+++ Source material
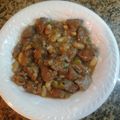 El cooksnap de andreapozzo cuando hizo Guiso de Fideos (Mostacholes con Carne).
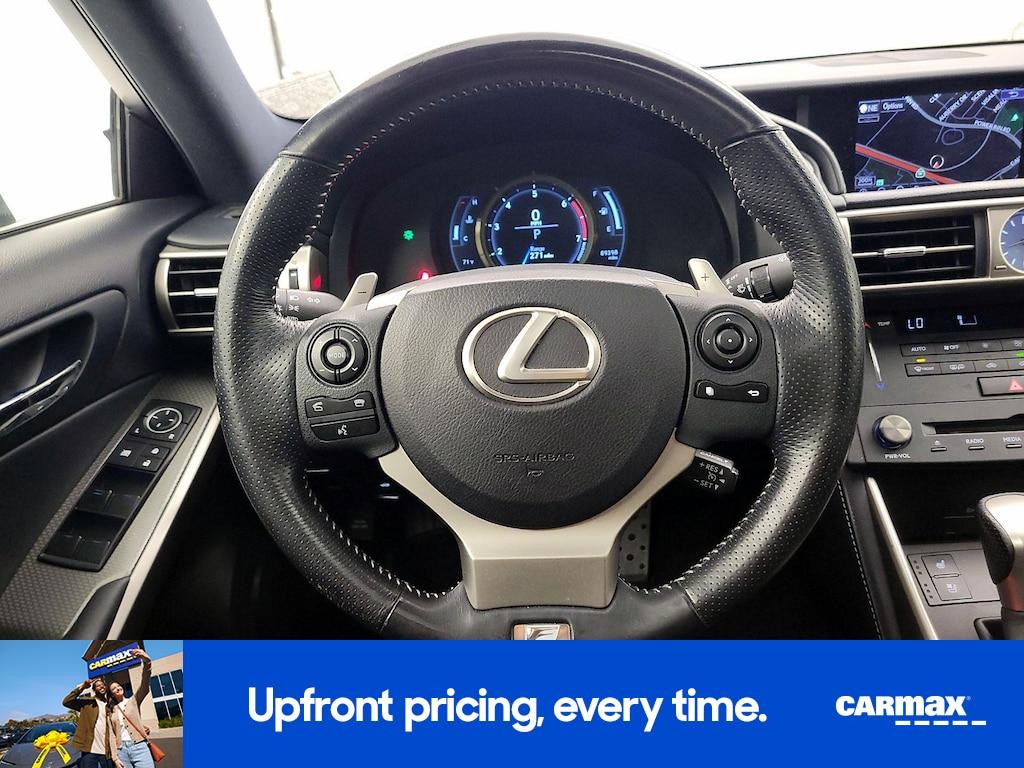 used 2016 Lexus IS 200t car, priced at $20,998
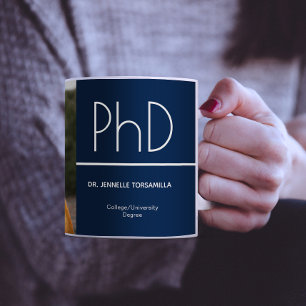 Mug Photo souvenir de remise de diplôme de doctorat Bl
++++++
What you will do | Write out the whole listing above exactly, minus images.

Solution to the problem |
 El cooksnap de andreapozzo cuando hizo Guiso de Fideos (Mostacholes con Carne).
 used 2016 Lexus IS 200t car, priced at $20,998
 Mug Photo souvenir de remise de diplôme de doctorat Bl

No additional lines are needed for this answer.